Messerschmitt

                                                                                          Naked Truth

                                                                                          Autoproduzione

                                                                                          www.messerschmitt-hm.blogspot.it

 

 

Lunga vita  ai Messerschmith!!! Potrebbe già finire qui   la mia recensione  ma è chiaro  che per come sono fatto io  dovrò per forza di cose dirvi le mie impressioni su questo ottimo live di una delle band  più rappresentative del metal capitolino . Certo sentire le flebili ovazioni del pubblico un po  mi fa specie perché una band così meriterebbe ben altre location e ben altri quantitativi di audience , e dico questo con tutto il rispetto sia  per il Closer(presso cui è stato  realizzato questo live), e per tutti i locali che supportano i gruppi  non solo romani ma anche quelli nazionali.

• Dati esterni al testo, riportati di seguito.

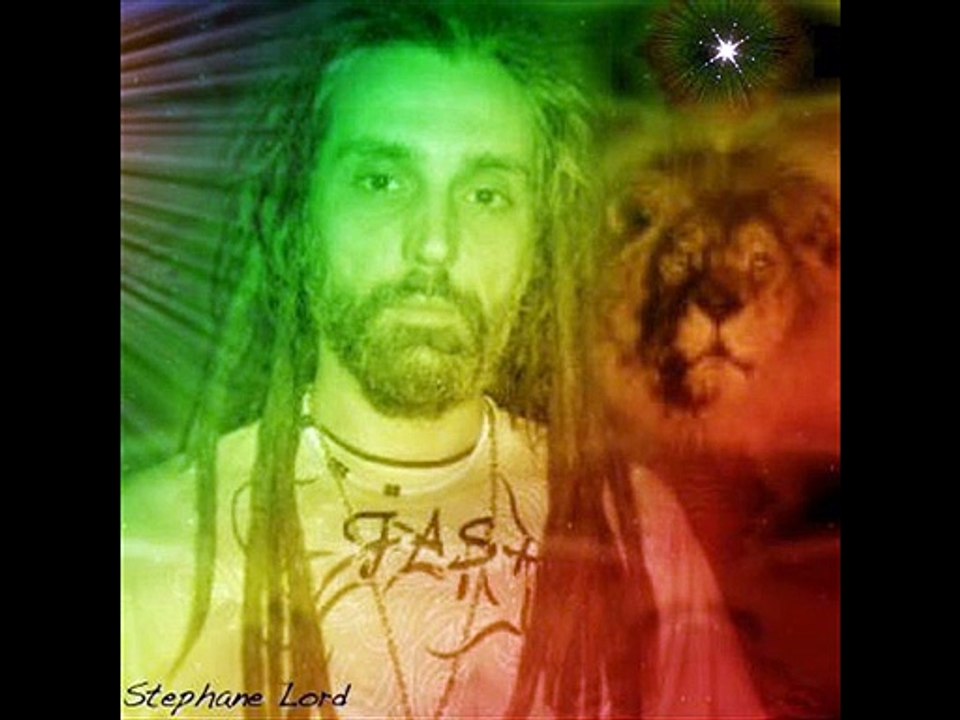 la vie n'est pas si facile " lord stephane "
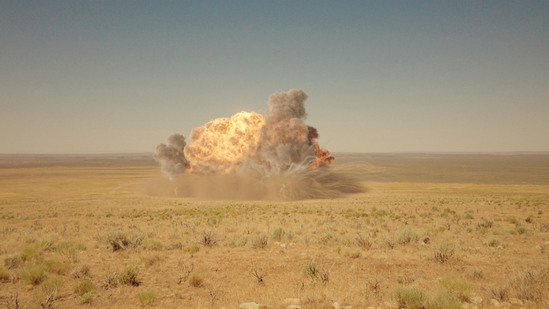 Introduction to Pyro FX in Houdini: Volume 2 thumbnail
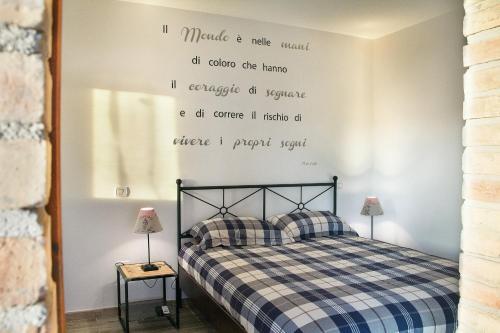 B&B Cuor Di Lavanda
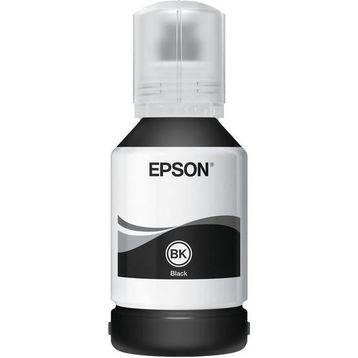Epson 105 Ecotank Black 140 ml Mürekkep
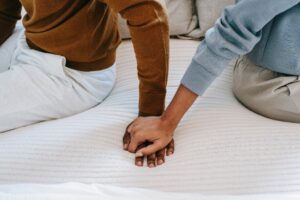 Premature Ejaculation: Strategies for Lasting Longer in Bed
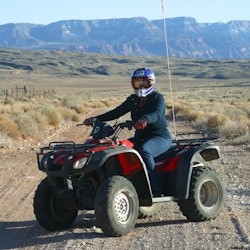 Grand Canyon North Rim: Roundtrip Flight from Las Vegas + Optional ATV Tour - 3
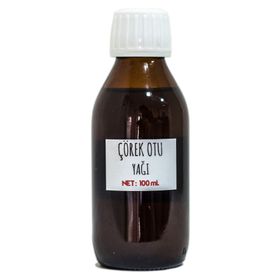 Egeye Dönüş 100 ml Çörek Otu Yağı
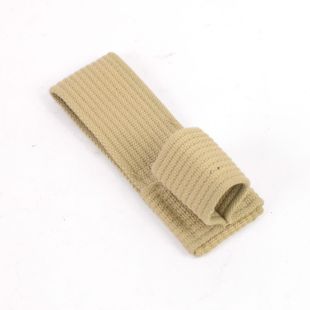 American WW2 Canvas MP Baton Holder Tan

Intanto  subito subito c’è da segnalare l’ottima qualità della registrazione che rende  giustizia che dal vivo offre un live granitico e distruttivo ed ascoltandolo  si percepisce la volo tutta la veemenza con cui la band esegue le sue canzoni.Ed ancora una volta sottolineo e confermo che le autoproduzioni sono vincenti in tutti i sensi ,in barba a certe etichette che vogliono dettar legge realizzando magari dischi dalla qualità scadente. Personalmente essendo abituato ad ascoltare live in inglese il fatto che a condure lo spettacolo sia  (un pur bravissimo Flavio Falsone alla voce)  mi diverte ascoltare in italiano le cose classiche di heavy metal band ,e cioè i vari incitamenti e la presentazione delle canzoni che si susseguono senza soluzione di continuità , in tutto questo contribuisce ovviamente tutta la band  di navigata esperienza .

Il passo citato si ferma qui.